In-depth Strategy

1. Offense and Defense

Player interaction is very important; a player who cannot see anything other than his own hand cannot graduate from the novice stage. In Hong Kong style, it may be difficult to make big hands when others are going for quick ones, so often one can only follow suit and compete for the small win. WSoM follows the same standard mahjong rules, so it is difficult to win big hands against speedy opposition all the same.
But because the score difference between big and small hands is greater, it is after all worth the difficulty to attempt big hands here. Beating an opponent’s small hand with your own yields only a small swing in the score, so it is often better to forgo that in favor of the chance of winning a big hand. There is also the factor that we are adopting the “New Style” patterns here, which give more chances for attempting big hands; when you can choose one which better fits your tiles, you naturally have a better chance of success!

Making a big hand usually involves sacrificing speed and win rate to get a higher score. This has the effect of giving the opponents more time and more chance to win their hands. If we purely calculate the “expected value” of one’s own income for the won hand, the large difference in hand value would often favor the big hand. However, there is also the risk of losing points to the opponent’s winning hand.

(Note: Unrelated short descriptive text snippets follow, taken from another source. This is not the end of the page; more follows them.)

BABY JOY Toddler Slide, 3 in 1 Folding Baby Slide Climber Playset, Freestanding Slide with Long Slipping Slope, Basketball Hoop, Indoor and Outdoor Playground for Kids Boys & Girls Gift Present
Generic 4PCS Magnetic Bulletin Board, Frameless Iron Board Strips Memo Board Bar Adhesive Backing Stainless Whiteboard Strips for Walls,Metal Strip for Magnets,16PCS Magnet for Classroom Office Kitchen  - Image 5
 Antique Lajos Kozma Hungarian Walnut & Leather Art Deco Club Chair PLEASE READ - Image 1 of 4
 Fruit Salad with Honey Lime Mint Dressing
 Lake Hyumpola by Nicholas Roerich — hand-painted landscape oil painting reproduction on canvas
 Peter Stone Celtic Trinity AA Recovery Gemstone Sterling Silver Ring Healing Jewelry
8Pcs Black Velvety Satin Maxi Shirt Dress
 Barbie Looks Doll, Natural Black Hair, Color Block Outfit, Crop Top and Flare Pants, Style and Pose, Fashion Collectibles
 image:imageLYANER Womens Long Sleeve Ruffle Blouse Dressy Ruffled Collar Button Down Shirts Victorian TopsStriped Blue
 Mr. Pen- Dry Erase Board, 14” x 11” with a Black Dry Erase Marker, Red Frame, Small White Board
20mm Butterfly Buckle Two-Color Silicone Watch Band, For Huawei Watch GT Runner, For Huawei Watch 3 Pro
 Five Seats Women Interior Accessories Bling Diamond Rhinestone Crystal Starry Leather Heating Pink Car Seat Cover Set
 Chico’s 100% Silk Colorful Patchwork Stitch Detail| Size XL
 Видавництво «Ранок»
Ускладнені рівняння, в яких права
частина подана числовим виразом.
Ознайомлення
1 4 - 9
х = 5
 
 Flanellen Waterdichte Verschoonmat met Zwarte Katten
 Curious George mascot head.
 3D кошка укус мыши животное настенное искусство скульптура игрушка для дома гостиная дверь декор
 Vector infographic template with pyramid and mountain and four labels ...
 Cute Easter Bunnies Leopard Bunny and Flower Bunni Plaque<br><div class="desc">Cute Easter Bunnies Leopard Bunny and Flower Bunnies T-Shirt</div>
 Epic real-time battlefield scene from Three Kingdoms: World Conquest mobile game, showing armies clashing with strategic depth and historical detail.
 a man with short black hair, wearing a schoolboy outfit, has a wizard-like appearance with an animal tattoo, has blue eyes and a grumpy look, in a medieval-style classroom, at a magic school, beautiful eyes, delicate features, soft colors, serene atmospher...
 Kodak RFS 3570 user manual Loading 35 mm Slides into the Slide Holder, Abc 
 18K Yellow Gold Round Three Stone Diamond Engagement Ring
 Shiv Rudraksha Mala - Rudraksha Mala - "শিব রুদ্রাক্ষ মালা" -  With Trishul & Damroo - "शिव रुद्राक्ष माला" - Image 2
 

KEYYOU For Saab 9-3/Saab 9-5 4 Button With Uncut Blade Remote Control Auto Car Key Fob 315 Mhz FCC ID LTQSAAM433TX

If an opponent has a better hand which is both faster and bigger, it would be very risky to go for a big hand. Hence, when the opponents are going for small hands, one can attempt a big hand with little risk; yet when an opponent shows the threat of a big hand, one needs to be more cautious. If one feels that one can beat the opponent, one can seize the opportunity and deal a heavy blow, but if not, one should consider playing for a speed win. Offense and defense relies on the judgement about the hands of all four players; the best strategy can only be determined with an accurate reading of the opponents’ hands, and their value and speed, as well as one’s own.
 

2. Two Identical Sequences

Two Identical Sequences is a highly versatile pattern which tends to combine well with other patterns. Typically it combines with category 1 trivial patterns (All Sequences, Concealed Hand, No Terminals) for a hand of 15-25 points.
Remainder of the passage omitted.